5 Interesting Facts of Matrix Calculus

Matrix calculus is the extension of calculus to vector or matrix setting. I used to suffer a lot with matrix calculus in my early grad life. I’ve seen some other people to suffer as well. It primarily happens because the standard courses in linear algebra do not cover this topic very often. However, all the maths in Matrix calculus are basically trivial. Anyway, here are a few interesting facts that made my life much easier. I could use these to derive many expressions (e.g. calculating gradients in SGD based algorithms etc.) in my machine learning practice. Check if they can help you or not.

Fact 1

Inside trace, objects (both vector and matrix. tensor?) can cycle or can take transpose of itself. For example:

  1. tr(AB) = tr(BA)
    tr(ABC) = tr(BCA) = tr(CAB)
    In general, tr(ABCD…Z) = tr(ZABC…Y)=tr(YZAB…X)
  2. \text{tr}(A^T) = \text{tr}(A)
    \text{tr}(ABC) = \text{tr}(C^T B^T A^T)

Fact 2

Inner product of objects can be represented by traces.

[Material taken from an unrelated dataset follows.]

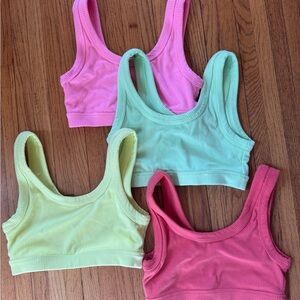 ALO Yoga Pastel Ribbed Cropped Tank Pack - Pink, Mint, Yellow, Rose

  1. \langle A,B \rangle = \text{tr}(A^T B)      … … A,B are matrices
  2. \langle a,x \rangle = a^T x = \text{tr}(a^T x)    … … a, x are vectors. The second equality holds because trace of a scalar is just the scalar. Once it is inside the trace, now we can make a lot of fun as shown in the next fact.

Fact 3

Fact 1 and 2 leads to interesting consequences:

  1. \langle A, BC \rangle = \text{tr} (A^T BC) = \text{tr} ({(A^T B)^T}^T C) =\text{tr} ({(B^T A)^T C}) = \langle B^T A, C \rangle … Notice how B changed its location
  2. \langle A, BC \rangle = \text{tr} (A^T BC) = \text{tr} (C A^T B) \text{;[cycle]} = \text{tr} ((A C^T)^T B)
    = \langle AC^T,B \rangle  … Notice how C changed its location

Fact 4

Differentiation of inner product of an object (vector or matrix) with a constant object is the const. object: \frac{\partial}{\partial X} \langle A,X \rangle = A

Fact 5

\frac{\partial f(X,X)}{\partial X} = \left[ \frac{\partial f(X_1, X_2)}{\partial X_1} + \frac{\partial f(X_1, X_2)}{\partial X_2} \right]_{X_1=X_2=X}

We really need to understand this final fact. In order to take derivative of a function which contains multiple instances of the differentiating variable, we need to take the following approach. Consider only one instance of the variable to be active at a time (i.e. assume all the other instances constant), do the derivative, and then put the actual variable in place of all its instances. Now perform similar action for other instances of the variable. This explanation is still too verbose. I hope the following example will clarify it:

Example

f(X) = \|AX-B\|^2 \frac{\partial}{\partial X}f(X)=?

Ans:

f(X) = \|AX-B\|^2 = \langle AX-B,AX-B \rangle = \text{tr} (AX-B)^T(AX-B) = \text{tr}(X^TA^TAX-B^TAX-X^TA^TB+B^TB) = \text{tr}(X^TA^TAX)-\text{tr}(B^TAX)-\text{tr}(B^TAX)+\text{tr}(B^TB) \therefore \frac{\partial}{\partial X}f(X)=\frac{\partial}{\partial X}\text{tr}(X^TA^TAX)-2\frac{\partial}{\partial X}\text{tr}(B^TAX) =\frac{\partial}{\partial X}\langle AX,AX \rangle - 2\frac{\partial}{\partial X} \langle A^TB,X \rangle =\left[\frac{\partial}{\partial X_1} \langle AX_1, AX_2 \rangle +\frac{\partial}{\partial X_2} \langle AX_1, AX_2 \rangle \right]_{X_1=X_2=X} - 2A^TB = \left[\frac{\partial}{\partial X_1} \langle X_1,A^TAX_2 \rangle +\frac{\partial}{\partial X_2} \langle A^TAX_1,X_2 \rangle \right]_{X_1=X_2=X} - 2A^TB =A^TAX + A^TAX - 2A^TB =2A^TAX-2A^TB =2A^T(AX-B)

Homework

Prove all the facts.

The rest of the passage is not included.